▸ What the exercise asks: Omit all pictures. Print the remaining lines exactly, from the start of the data through the line containing "Wood Jewelry Storage Box".

(Short descriptive text snippets)
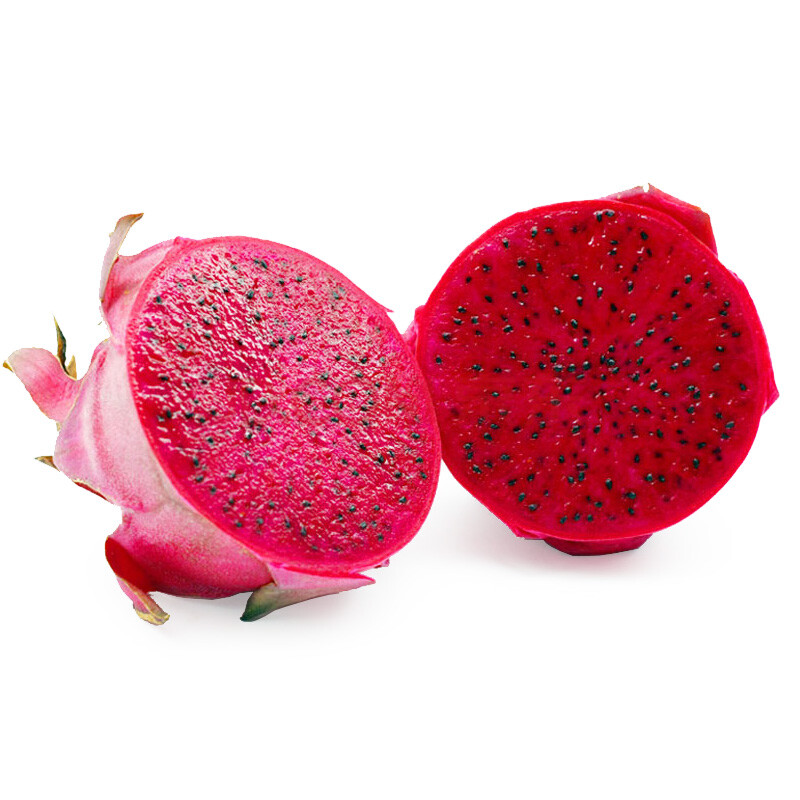 小马乐活 海南红心火龙果 新鲜水果 单果约350g 非白心 精选4个装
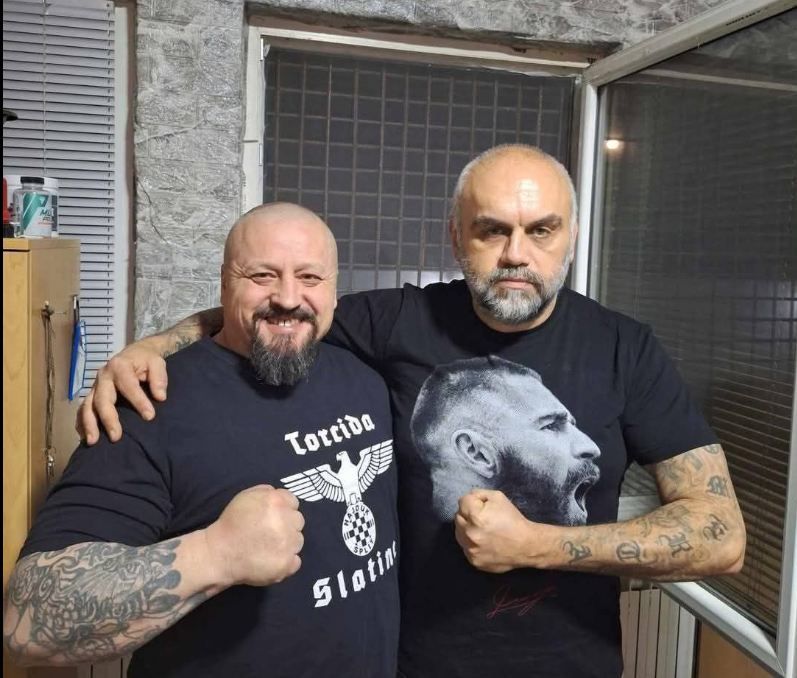 ЌОСЕТО СО ЕМОТИВНА ОБЈАВА ЗА ИГОР ЈУГ: Секогаш ќе бидеш мој „Баба“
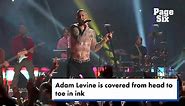 Adam Levine Tattoos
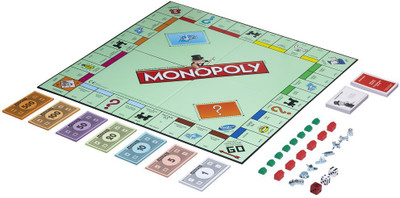 

Hasbro Monopoly Board Game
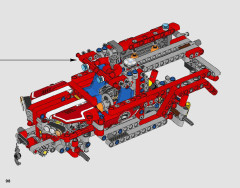 LEGO 42075 instructions page 98 – build guide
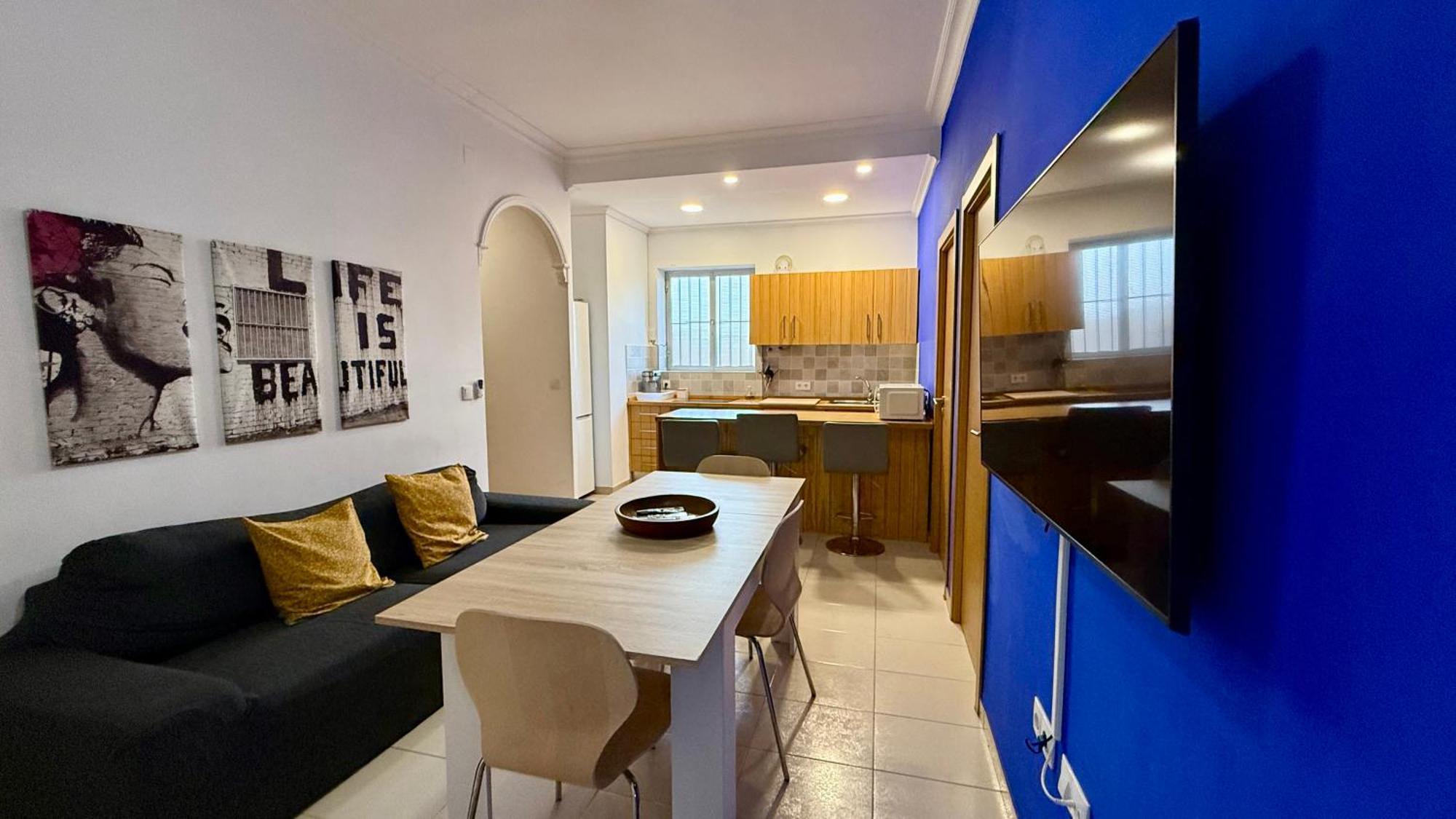 Apartamento Turistico Ciudad Jardin - Nervion. Seville Luaran gambar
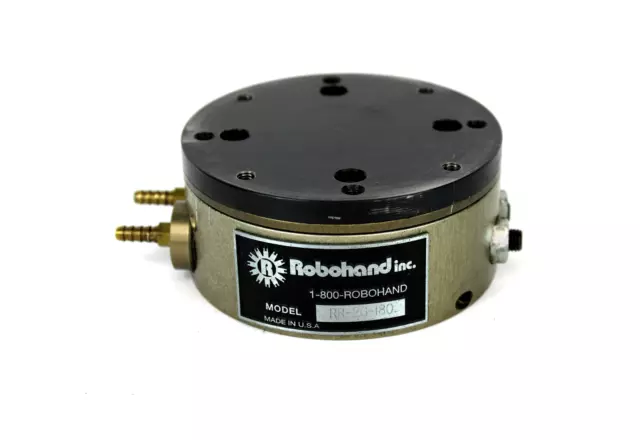 Robohand Inc. RR-26-180 Rotary Actuator, 180 Degree Rotation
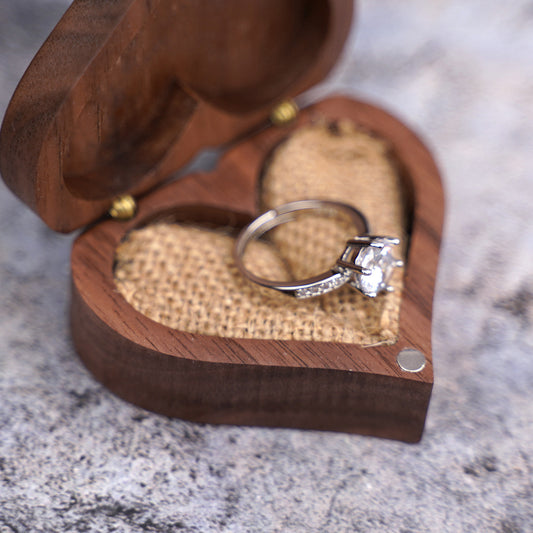 Wood Jewelry Storage Box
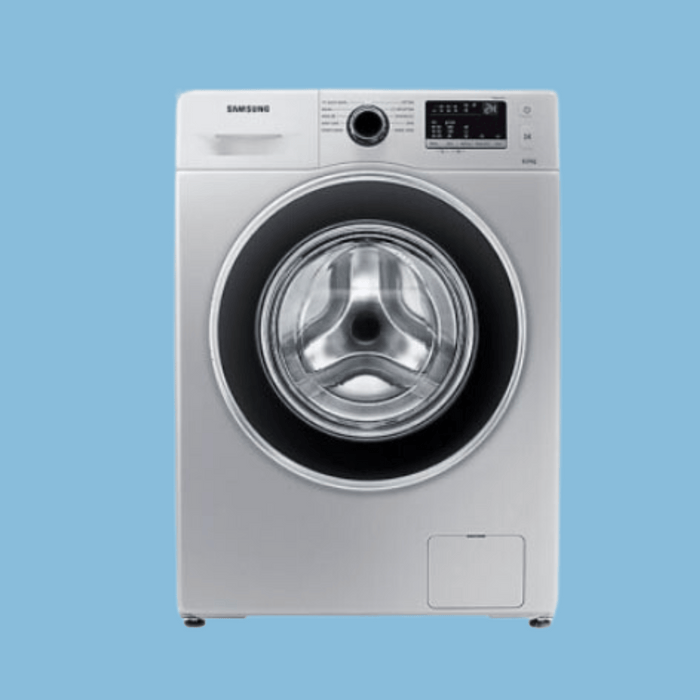 Samsung 7kg Front-Load Washing Machine, WW70 J4260GS, Silver - KWT Tech Mart Uganda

▸ Exercise answer:
 小马乐活 海南红心火龙果 新鲜水果 单果约350g 非白心 精选4个装
 ЌОСЕТО СО ЕМОТИВНА ОБЈАВА ЗА ИГОР ЈУГ: Секогаш ќе бидеш мој „Баба“
 Adam Levine Tattoos

Hasbro Monopoly Board Game
 LEGO 42075 instructions page 98 – build guide
 Apartamento Turistico Ciudad Jardin - Nervion. Seville Luaran gambar
 Robohand Inc. RR-26-180 Rotary Actuator, 180 Degree Rotation
 Wood Jewelry Storage Box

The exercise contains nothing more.